Cooking with the Play-It-Safe Girl
Elizabeth Moore
Today I did something I never do. I cooked.
In the past, my "cooking" has really been just "recipe-following" from a box: brownies, cookies, Kraft mac n' cheese. Box recipes are delicious and even necessary on certain days, but today I went OUTSIDE the box. (Pause for every snobby writer to throw up at my intentional use of cliche. HA!)
Today, I went beyond recipe-following and actually cooked for the first time. I experienced it like it should be experienced, like jazz, or art, or exploration.
"Following a recipe is like playing scales, but cooking is like playing jazz." -Shauna Niequist
Confession: I wholeheartedly admit that I have been inspired by Shauna Niequiest and her book Bread and Wine. If you've read the book and you're rolling your eyes thinking I'm pathetically trying to imitate her, you're right. But I believe there is something to be said for watching a person farther down the road of experience and imitating them. So call me a copy cat or call me an apprentice, call me a dreamer or call me a disciple--all are accurate in their own way, in their own time.
Anyway, I traveled home to Louisiana this weekend and decided to take advantage of our oven, my mom's Pampered Chef utensils, and a pantry full of usable ingredients. Oh, and Pinterest--always Pinterest.
Hollowed avocado with a thin layer remaining, shredded mozzarella, chopped bacon, fried eggs, eat with a spoon, not a fork. I tried both.

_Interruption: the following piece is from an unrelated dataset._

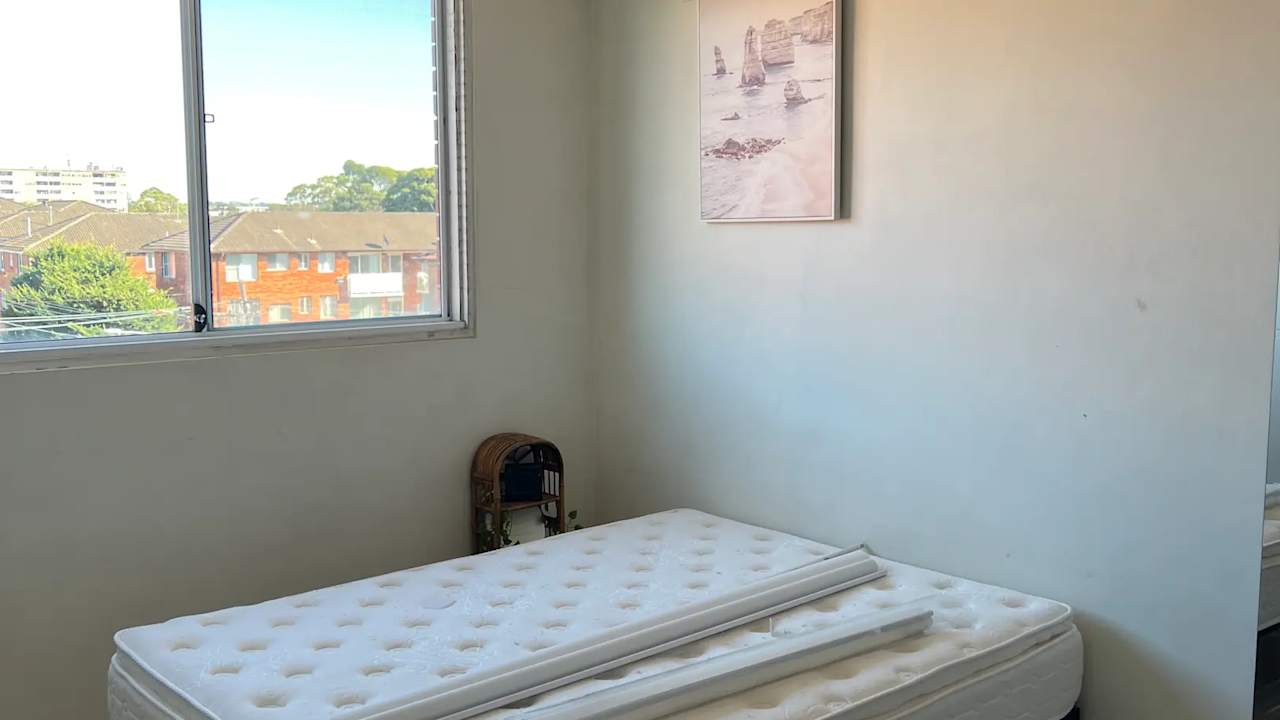 Furnished room in a flatshare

After I sleepily rolled out of bed, I decided to be creative for breakfast. I scrolled through some Pinterest recipes while my coffee was brewing and hungrily eyed the ripe avocados on the baker's rack. I triumphantly sliced the avocado in half and threw an egg into a frying pan, and the next thing I knew I couldn't stop. I was on a creative high, and I knew I wasn't coming down for a while. The whole morning was spent experimenting with random made-up ingredients, getting my hands super sticky, and going a little crazy with the manual food processor.
The kitchen was busy all morning
I talked and giggled to myself (no judgement please) as I deformed my first hard boil an egg, peeled the skin off of boiled almonds, crushed espresso beans with a spastic vengeance, and mixed maple syrup and oats with my bare hands. Who knew you could feel like a little kid and do grown-up, domestic things at the same time?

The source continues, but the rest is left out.